My ex and I generally break even in that regard, since our custody situation is a 50-50 split. But how many moments have I lost out on? I got the first trip to Disney World and his first pro baseball game; She got his first trip overseas and, last month, his first visit to Niagara Falls, which, while it’s no Disney World, was a huge success with our son. And there are other, smaller moments that I’ve been able to share with him: I took him to his first rock concert and made it to his school talent show, where he played Black Sabbath’s “Iron Man” on guitar. My ex has her share of those moments she was able to share with him.
This whole concept came up on our recent vacation, when my girlfriend stood back and observed as her little boy, clutched to her own mother, watched the July 4th fireworks display overhead down in the Carolinas. At 4, it wasn’t his first view of fireworks, but it was certainly a memorable moment.

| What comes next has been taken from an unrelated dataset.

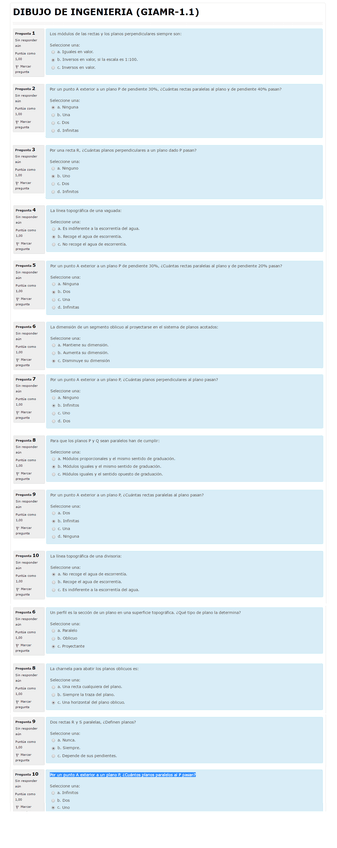 Miniatura del documento Cuestionario-9.png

He covered his ears and looked up with a mixture of wonderment and fear. She later told me that she was hit with the notion in that instance that she was missing that moment, so she walked over to her mom and asked to hold her boy. She both soothed him and shared the display with him for the remainder of the show. It was a shared moment she’ll certainly remember, as will he. And it made us think of the firsts and the moments we’ll inevitably miss with both our boys.

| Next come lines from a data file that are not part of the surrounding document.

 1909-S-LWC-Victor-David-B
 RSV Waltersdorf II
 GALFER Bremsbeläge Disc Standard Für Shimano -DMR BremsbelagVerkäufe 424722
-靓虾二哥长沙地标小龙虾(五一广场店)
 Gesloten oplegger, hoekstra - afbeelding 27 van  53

Ultimately, the boys benefit from having the experience at all, whether it’s with their mom or their dad. That’s comforting. But it carries a tinge of sadness, that there are times when we won’t be the ones to share the memory. It makes me hope that those parents out there who share all those moment appreciate the value of it.

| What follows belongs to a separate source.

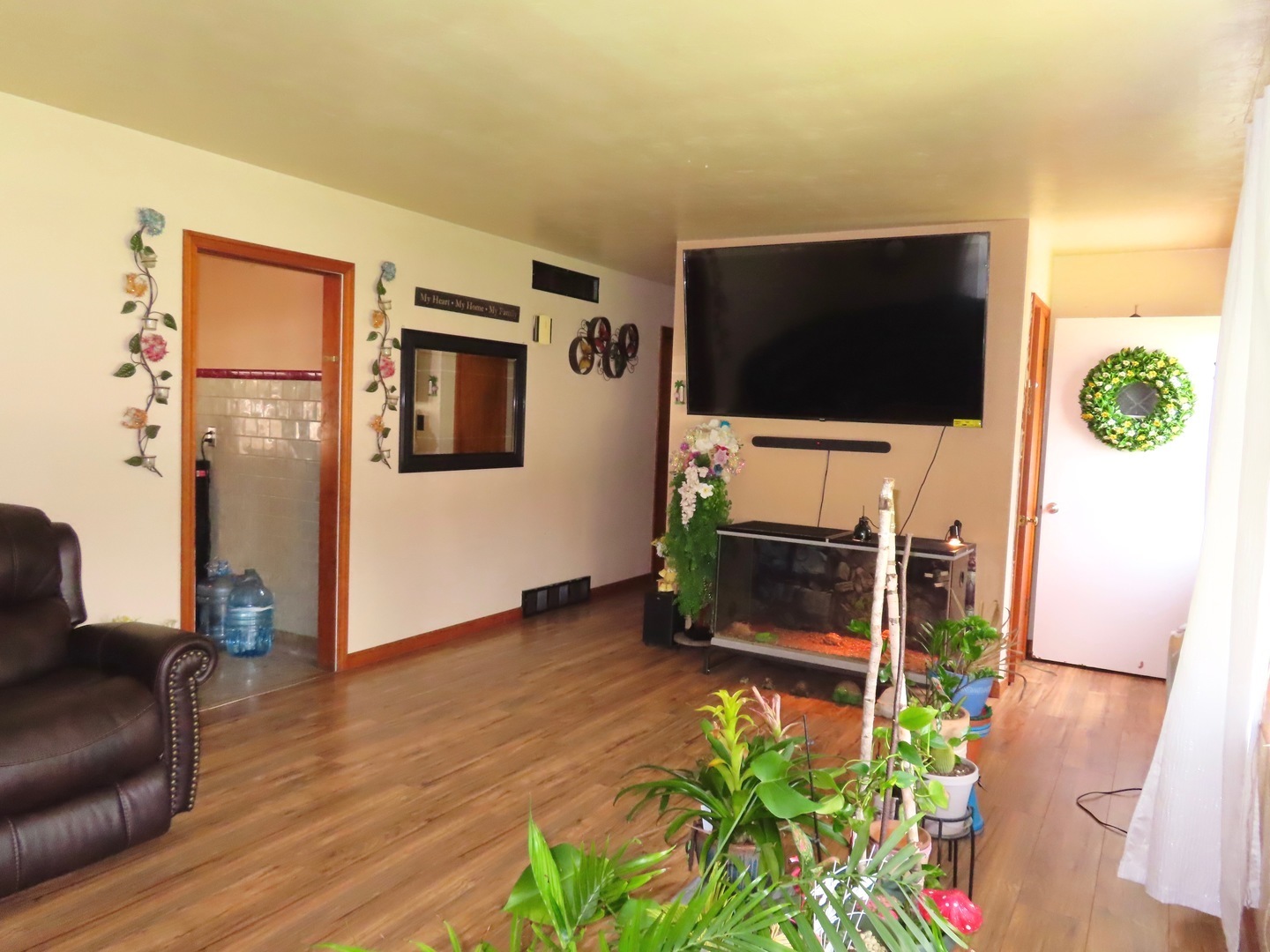 1022 Frederick Street Property Photo 7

For me, there’s no doubt how much it’s worth.















One of my favorite quotes is “Each day of our lives we make deposits in the memory banks of our children.” ~Charles R. Swindoll, The Strong Family. They are words I try to live by and ensure that each “deposit” is one my son will look back on with fondness.
Although I have custody of my 3 yr old with his mother having 3 days a week and 2 overnights, I relate to your sadness in knowing that we will inevitably miss out on some of our children’s “firsts”...not just for ourselves but for the memories that our children will carry with them.
What really tears my heart out is when his mother and I do the dropoffs and pickups for visitations. Many times our son will want to hold each of our hands at the same time for something simple as walking around the driveway. He finds such joy in those brief moments that I can’t help wondering how much more joy he could have had if he we were still an “intact” family.
Thanks for the post—and for the Swindoll quote. I do remember when my son was younger and how he struggled with the separation his mom and I had gone through. There came a point where he accepted, at least on the surface, that his parents would be apart. We’ve been able to share moments with him since, such as trick-or-treating every year together. But it is an adjustment for children in that situation, and I suppose you can only rescue as many memories for him as you can. All one can do is make as many deposits as we can manage.